報道によりますと、尖閣国有化を前に、当時アメリカの国務次官補であったキャンベル氏は、日本国政府に対して、事前に中国と協議するよう要請したそうです。国有化後、中国国内では激しい反日運動が発生し、丹羽大使を載せた公用車が襲われたり、日系企業や日本人が暴徒に襲撃されましたので、中国側の激しい反発を招いたことは確かなことです。このため、メディアの多くは、日本国政府は中国側の反発を十分に予想しておらず、危機意識が薄かったのではないか、として批判的な論調を張っています。
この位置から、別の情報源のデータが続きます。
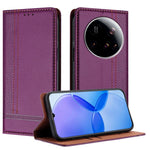 For Xiaomi 15 Ultra Case L-Shaped Grid Pattern Leather Stand Phone Cover with Card Slots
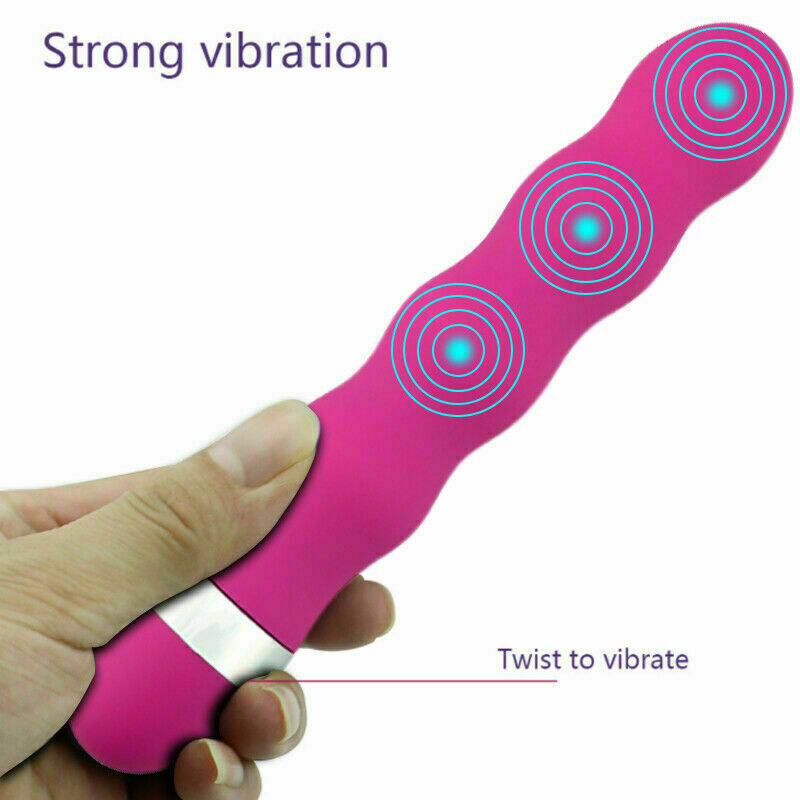 Multi-Speed Beaded Bullet Vibrator 7 Inch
しかしながら、キャンベル氏の勧める通りに、仮に、日本国政府が、尖閣諸島の国有化について事前に中国に協議を申し入れたとしますと、その後の展開について、どのような推測ができるでしょうか。
中国側は、尖閣諸島を中国領と主張しておりますので、日本国政府による尖閣諸島の国有化の提案には、断固として首を縦に振らなかったことでしょう。国有化の承認は、即、中国の領有権主張の取り下げとなるからです。そして、何よりも懸念すべきは、尖閣諸島が領土問題化してしまった可能性です。仮に、日中間の事前協議の場で何らかの合意が成立し、反日暴動を回避できたとしても、その代償として、日本国は、尖閣諸島の”領土問題化”を認めざるを得ない状況に追い込まれたはずです。
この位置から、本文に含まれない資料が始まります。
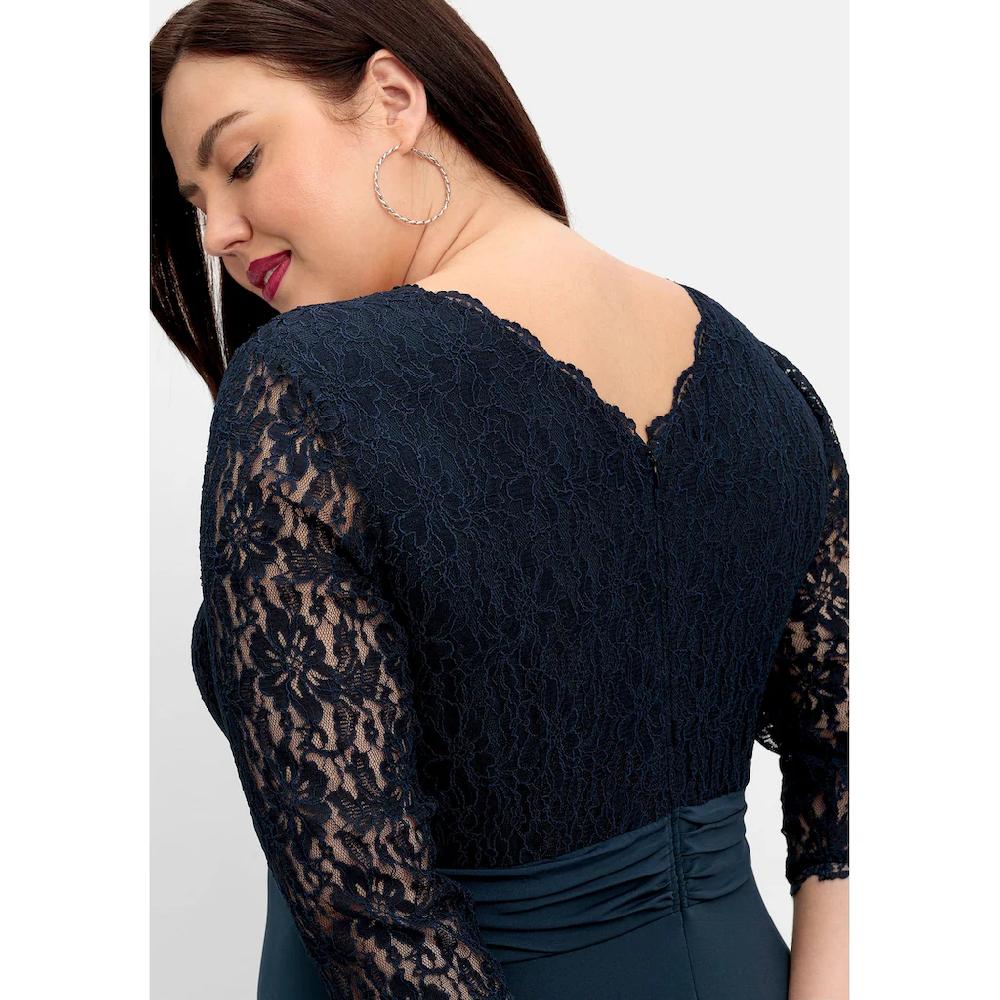 Sheego Abendkleid »Große Größen« mit Oberteil aus floraler Spitze Super Sparpreis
となりますと、日本国政府がキャンベル氏の要請には応じずに、対中協議なくして尖閣諸島の国有化に踏み切ったことは、読みの浅さの現れであれ、政治的決断であれ、適切な判断であったと言うことができるのです。日本国民は、クリントン候補の機密情報私用メール漏洩事件によって、2012年当時、外交の裏舞台において尖閣諸島の”領土問題化”の危機があったことを、奇しくも知ることとなったのです。